Dáil debates
Tuesday, 27 June 2023
Energy (Windfall Gains in the Energy Sector) (Temporary Solidarity Contribution) Bill 2023: Second Stage
8:05 pm
Jennifer Whitmore (Wicklow, Social Democrats) | Oireachtas source
The Social Democrats welcomes this Bill and the movement on the temporary solidarity contribution. We acknowledge that this is retrospective legislation which will deal with the windfall profits accrued by companies for 2022 and 2023. Is that correct? The Minister of State is looking confused there. Okay.
I acknowledge that this levy will be set at 75%. A company that hits 20% above normal and average profits will be levied at 75% of that which I understand is in excess of what the majority of other countries in the EU have done. I believe the EU had set a minimum of 33%. I welcome that the Government set it at 75%. However, I wonder whether it could have gone a bit further. Throughout this entire debate when we are having this discussion about this windfall tax or levy, we need to remember that the money we are talking about is money that has been directly accrued on the back of incredible hardships, war and the horrendous situation in Europe. In our own country many people are suffering from the incredible high prices and energy poverty. This money is accrued on the back of very difficult situations for thousands upon thousands, probably millions of people across Europe. No company should be allowed to profit in any way from that.
Even a 75% levy is being very generous to those energy companies. I would be keen to hear from the Minister of State as to why it was set at 75%.
What rationale was behind that?
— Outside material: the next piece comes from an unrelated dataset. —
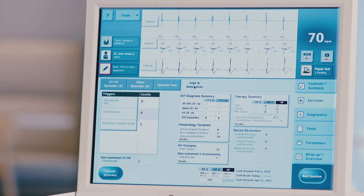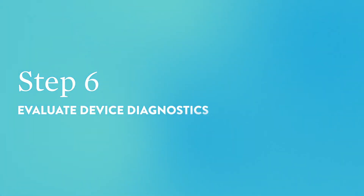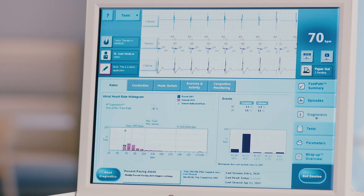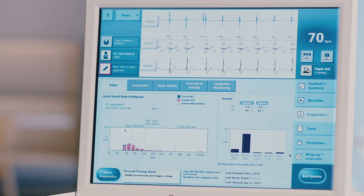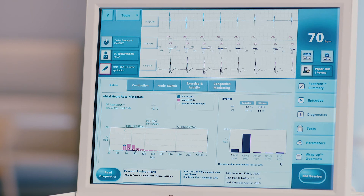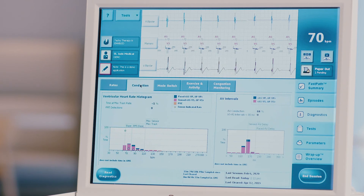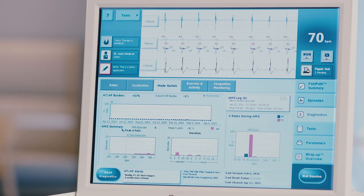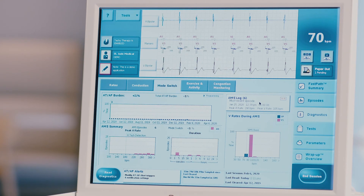Press the logs and summaries tab at the top of the screen to review the total counts for each episode trigger. Step 6: Evaluate device diagnostics. Press the diagnostics tab on the right-hand side of the screen. The rates tab will appear first. Evaluate the atrial heart rate histogram on the left side of the screen, and a bar graph of pacing percentages on the right, which will also show the PVC burden percentage. Press the conduction tab to evaluate the ventricular heart rate histogram. Press the mode switch tab to evaluate the AT/AF burden, AMS summary, ventricular rates during AMS, and the AMS log listing all mode switch episodes stored in the device.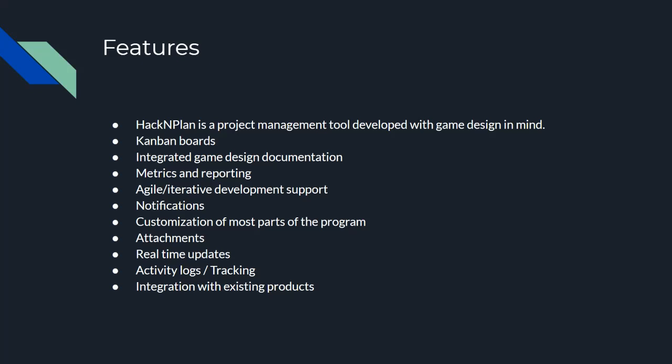Now you can send notifications to various outside programs. You can customize most of HackNPlan to suit your own needs or preferences. And then it's got attachments, real-time updates, activity logs that I already mentioned, and integrates for several other existing products. And I will be covering many of these features in further depth in the upcoming slides.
Was consideration given by the Government to removing the possibility of profits being available to companies based on those circumstances?
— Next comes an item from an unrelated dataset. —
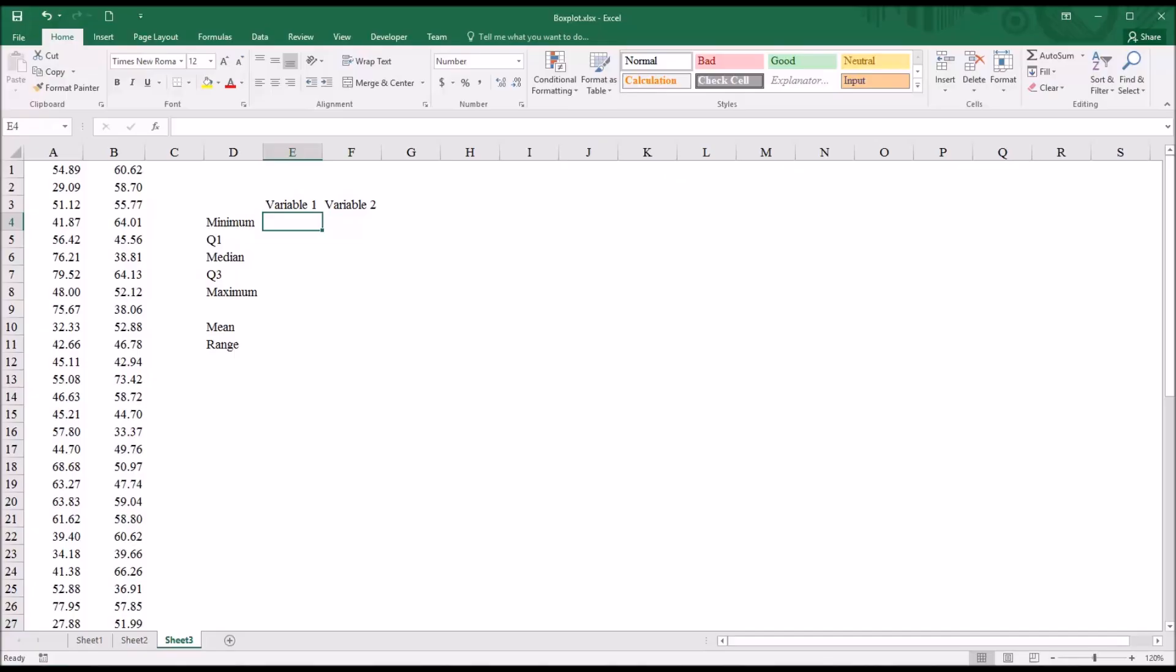Hello, this is Dr. Grande. Welcome to my video on creating a box plot using Microsoft Excel. I'll be using Excel 2016 for this example, and this is the first version of Excel that has the box plot as a chart that you can select.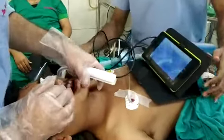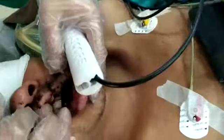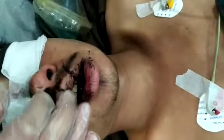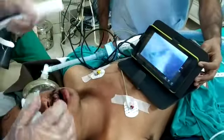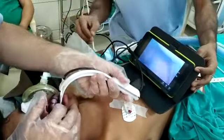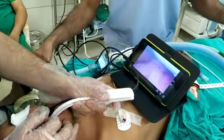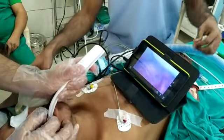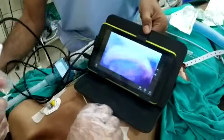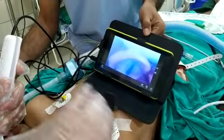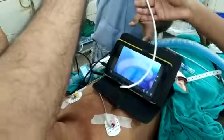We can see the mandible and the oral cavity, which is filled with blood. Now I am introducing the laryngoscope. Here we are able to see the epiglottis, and lifting up of the epiglottis, the vocal cords are seen.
This windfall tax is important for a number of reasons. It is very important, as I said, that companies do not get to profit from war situations and it is very important for the public to see that the Government is ensuring companies cannot profit from such situations. I know it is very difficult for people when they see the headline figures on the profits various energy companies are making. When the people who see these headline figures are at the same time trying to scramble together money for their own family to pay electricity or heating bills or to try to put food on the table for their children while suffering so much because of high energy prices, it is very difficult to see the kind of profits coming out of energy companies. It is very important for people to see that the Government has this tax and that there is that collection of windfall profits.
It is also important because what we have seen over the past two years is the subsidisation of the energy sector to some degree. The Government has put in place certain measures and has given supports and credits to individuals, companies and businesses. However, when the Government uses taxpayers' money to subsidise a market where it has clearly failed, like the energy market, it is important this type of measure is put in place so there is no leakage from the subsidies into the energy companies' profits and so they do not go into the pockets of the energy companies but stay in the pockets of the public. Those are the sorts of protective measures the Government should put in whenever it subsidises any market. In regard to the housing market, I would say we are also seeing subsidisation of developers but there is no control of what developers are making at the other end, which is a clear policy flaw in how the Government is dealing with the failed housing market. This is the type of measure that should be put in place whenever there is serious and significant subsidisation by the Government of a particular sector.
What we need to see now is a broader discussion about how we are going to reform our energy markets. It is clear they are not fit for purpose in a changing geopolitical landscape but also in light of the climate crisis. We are moving into a very different sphere and the market structures that are there are not going to be sufficient for that changing environment. We need to have that broader discussion. I understand a majority of it would have to be at EU level but that is certainly where we need to be going. Nationally, we need to look at how we manage the markets in Ireland, and there is certainly scope to give the Commission for Regulation of Utilities greater powers. We need to see a lot more transparency in regard to how companies undertake processes such as hedging. There is an awful lot of work that could be done at a national level to bring a level of transparency into the market to give consumers faith that their best interests are at the heart of that market and it is not purely a profit-driven model, which it certainly is at the moment.